For transparency and reproducibility, the selected predictors are summarized in
Table 4. The table reports the union of the top-
k features obtained under both protocols and indicates which features were retained by each protocol. Several predictors were consistently selected, including flow inter-arrival statistics, throughput/rate descriptors, packet-length measures, and port identifiers, suggesting that these attributes provide stable class-discriminative information for IoT attack classification. Differences between the two ranked lists are expected, since ranking on the full dataset, the biased protocol, can implicitly incorporate evaluation-set characteristics and alter the resulting importance ordering, whereas training-only ranking, the unbiased protocol, constrains selection to patterns supported by the training distribution and therefore provides a leakage-aware basis for downstream evaluation.
To further characterize the selected subsets, Pearson correlation analysis was computed for the top-
k features obtained under each protocol with respect to the encoded attack labels. The corresponding correlation heatmaps are shown in
Figure 3 and summarize linear dependencies among the selected predictors. The strongest correlation patterns occur within semantically similar feature groups, most notably among flow inter-arrival statistics and packet-length descriptors. Rate and throughput features also exhibit consistent coupling, indicating partial redundancy within the selected set while still preserving class-discriminative information for downstream learning.

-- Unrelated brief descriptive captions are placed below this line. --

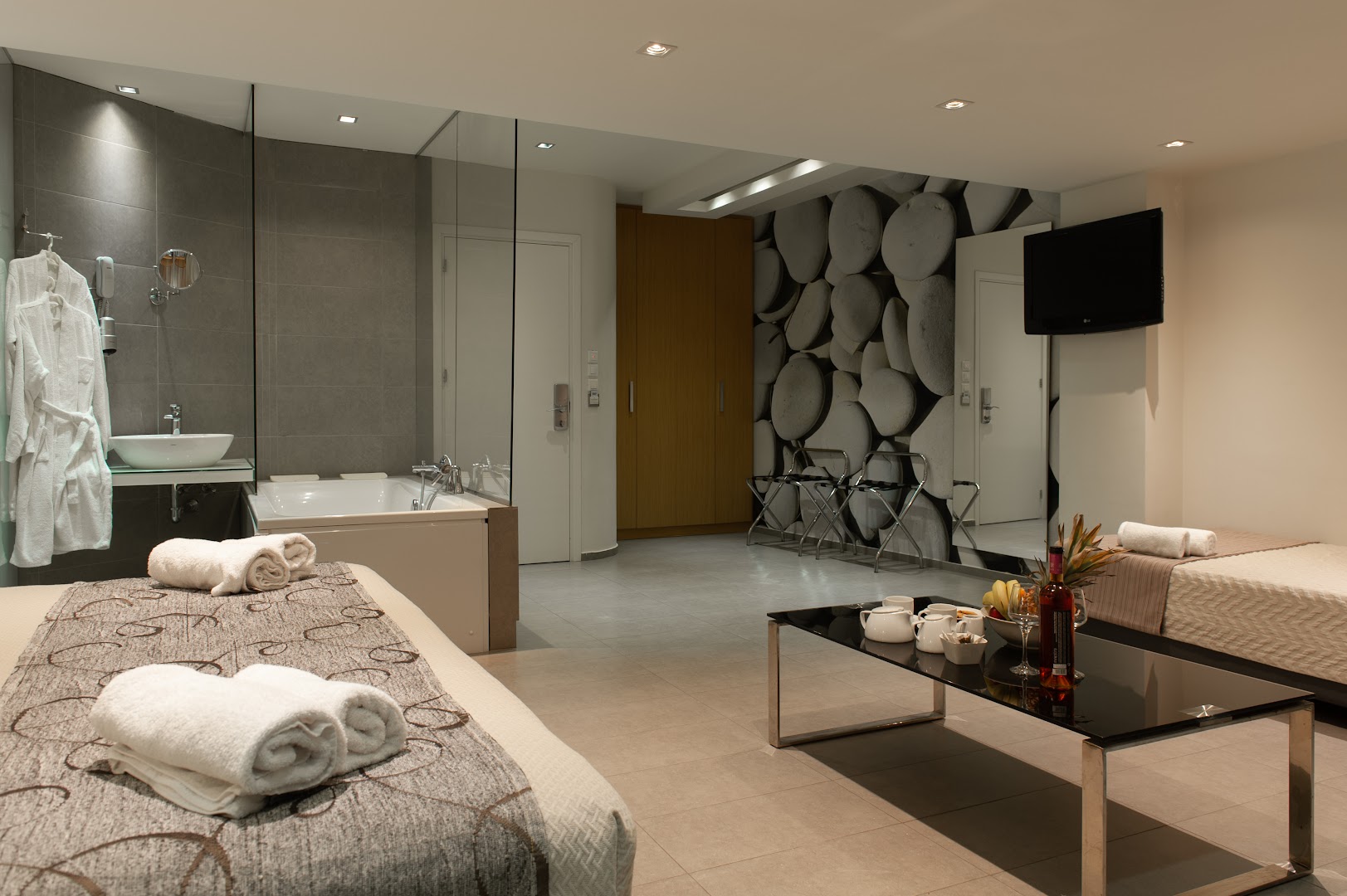 Atlantis Boutique City Hotel luksusa numurs ar atvērtā plānojuma vannas istabu, džakuzi vannu un atpūtas zonu Rodas pilsētā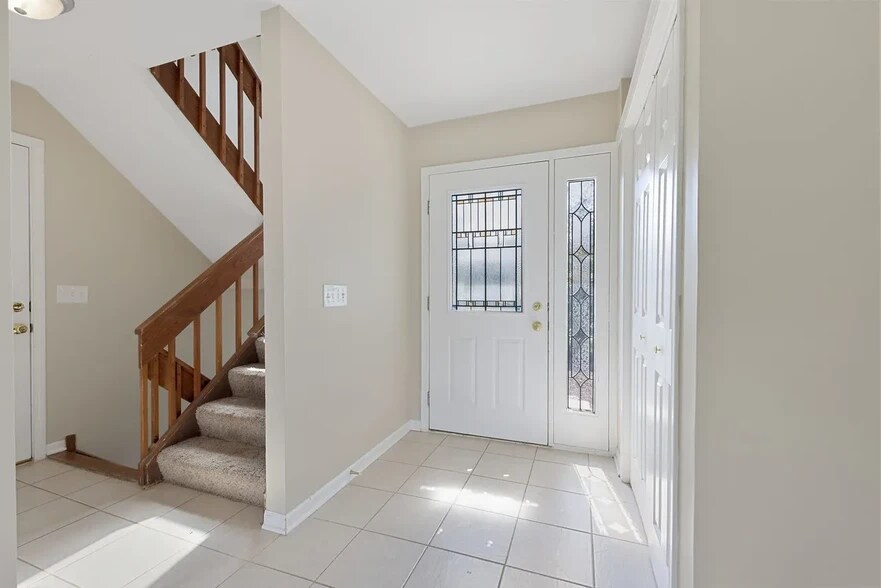 Entry / Foyer - 34191 N Horseshoe Ln
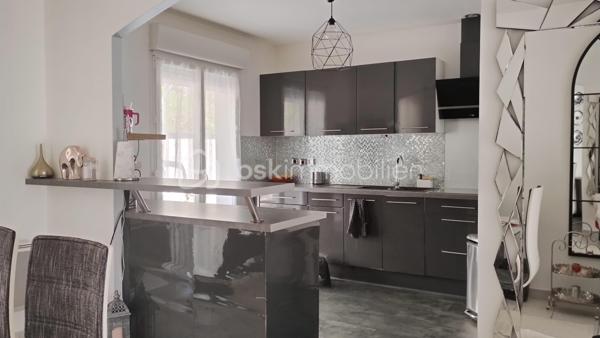 À seulement 9 minutes d'Amboise, dans un environnement calme et verdoyant, découvrez cette maison lumineuse et fonctionnelle de 93 m².

L'espace de vie principal, situé à l'étage, se compose d'un grand double séjour (33 m²) traversant exposé Est-Ouest, avec cuisine ouverte (aménagée et équipée), offrant une agréable luminosité tout au long de la journée.

Vous y trouverez également :
• 3 chambres
• 1 salle de bains avec double vasque
• Des WC indépendants

À l'extérieur, deux terrasses permettent de profiter pleinement des beaux jours :
• Une terrasse accessible depuis le séjour (17 m²)
• Une seconde terrasse, plus spacieuse, accessible depuis la cuisine et le séjour (33 m²)

Au rez-de-chaussée, un grand garage (28 m²) complète l'ensemble.

Les atouts :
✓ Environnement paisible et verdoyant
✓ Belle luminosité
✓ Transports scolaires à moins de 5 minutes à pied
✓ Proximité d'Amboise

Une visite s'impose pour découvrir tout le potentiel de cette maison !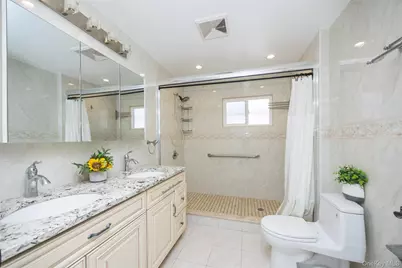 22447 76th Road, Oakland Gardens, NY 11364 - Photo 24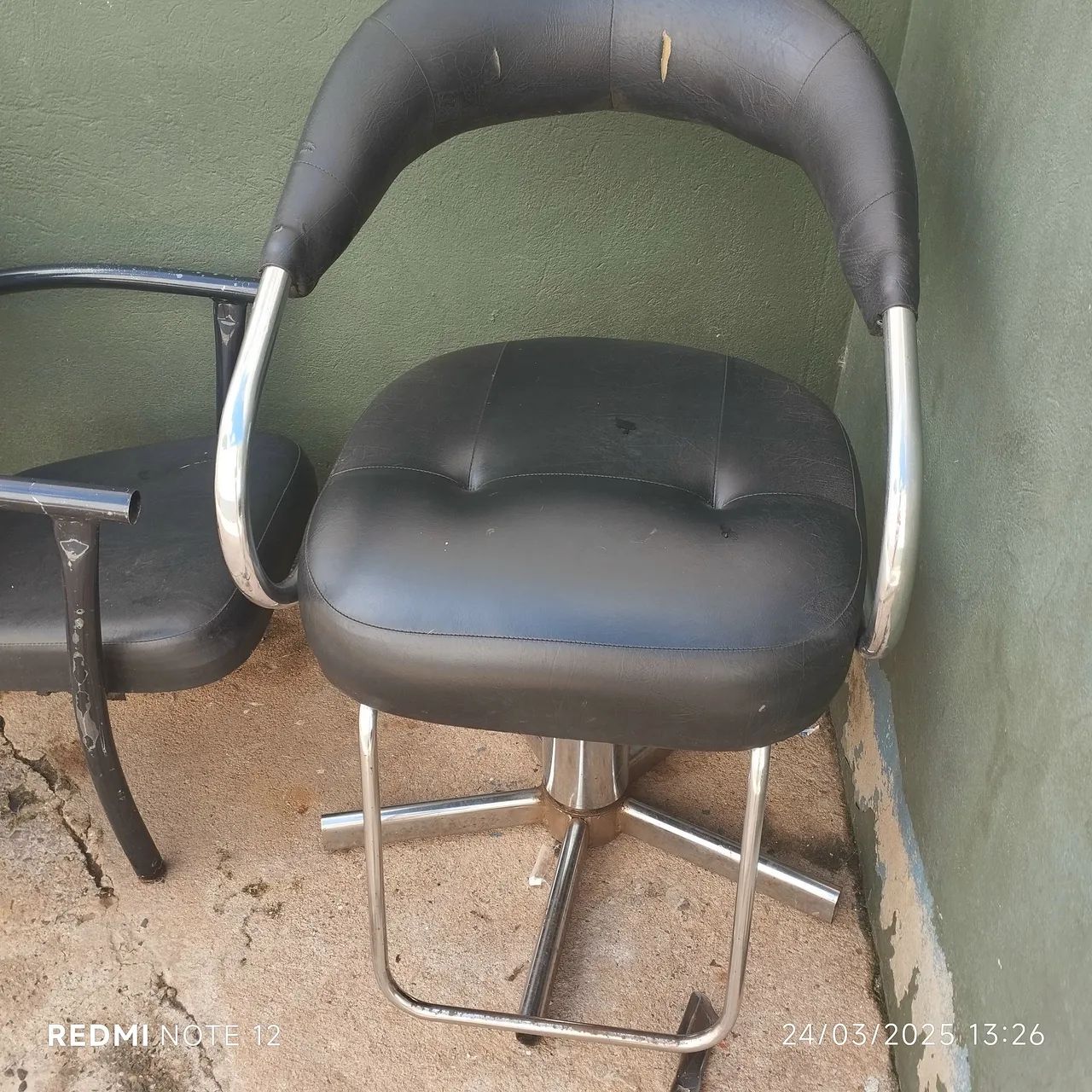 Cadeira de salão mas um lavatório 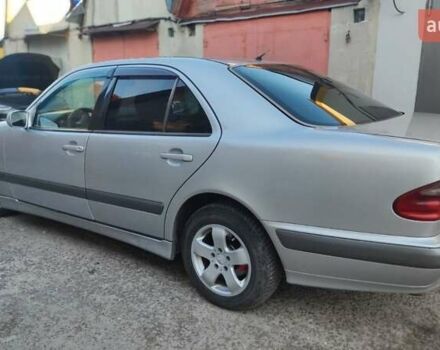 Сірий Мерседес Е-Клас, об'ємом двигуна 2 л та пробігом 389 тис. км за 4000 $, фото 7 на Automoto.ua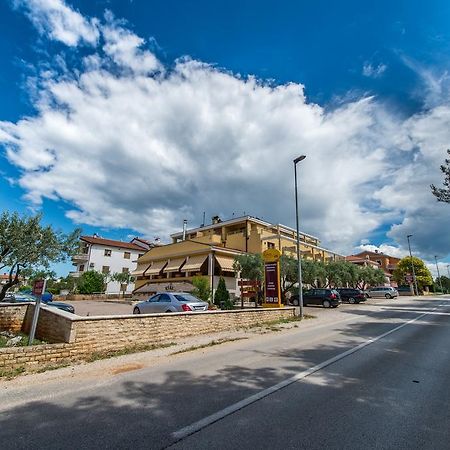 Vilola Panzió Zambratija Kültér fotó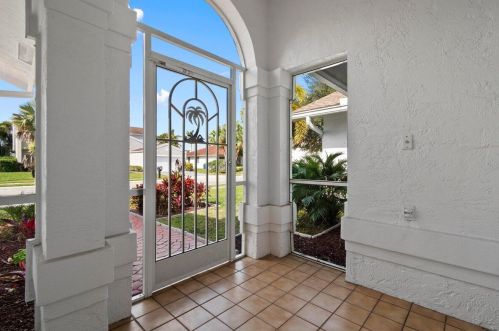 126 Elysium Dr, West Palm Beach, FL 33411-1149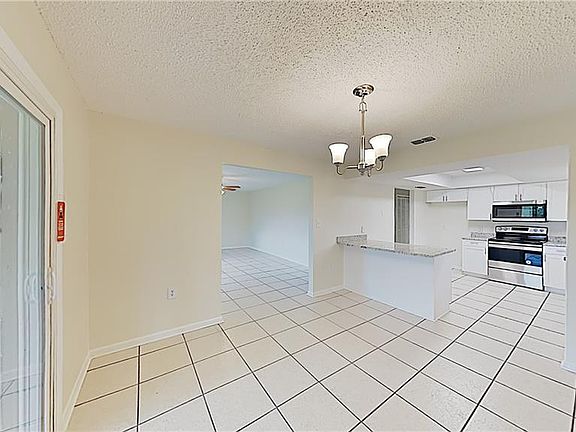 2nd image of 411 Lake Carolyn Cir
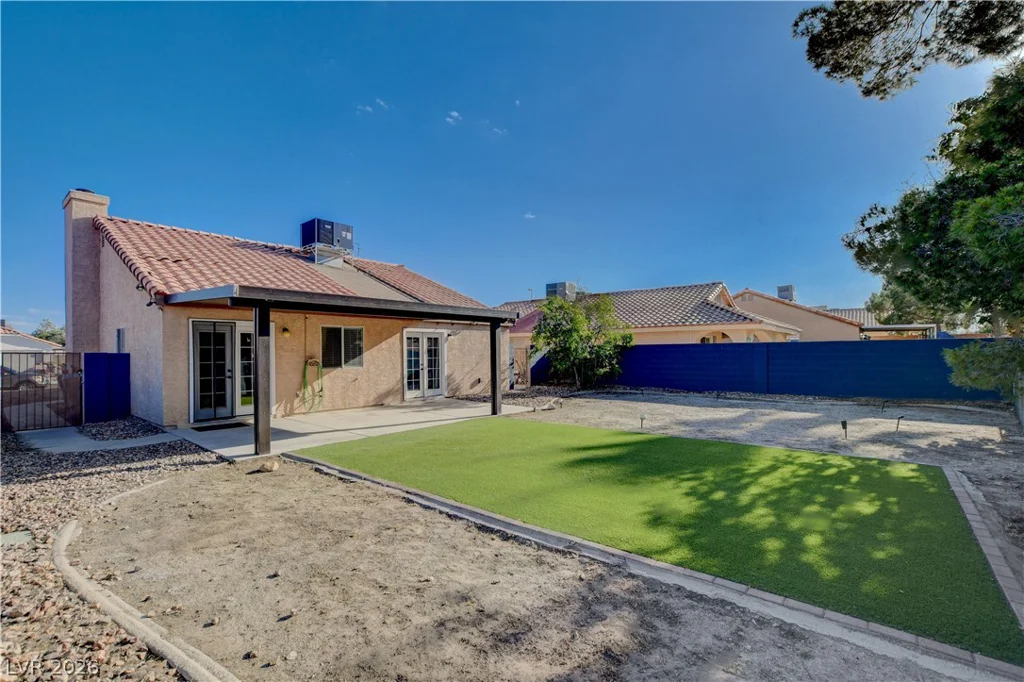 5528 Cleary, Las Vegas, NV 89108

Two CNN models with identical architectures and training settings were trained using the RF-selected feature subsets obtained under the biased and unbiased protocols. In both cases, the CNN was trained in a supervised manner and subsequently used as a deep feature extractor: the penultimate dense layer produced a 128-dimensional embedding for each traffic record, which served as the learned representation for downstream classification.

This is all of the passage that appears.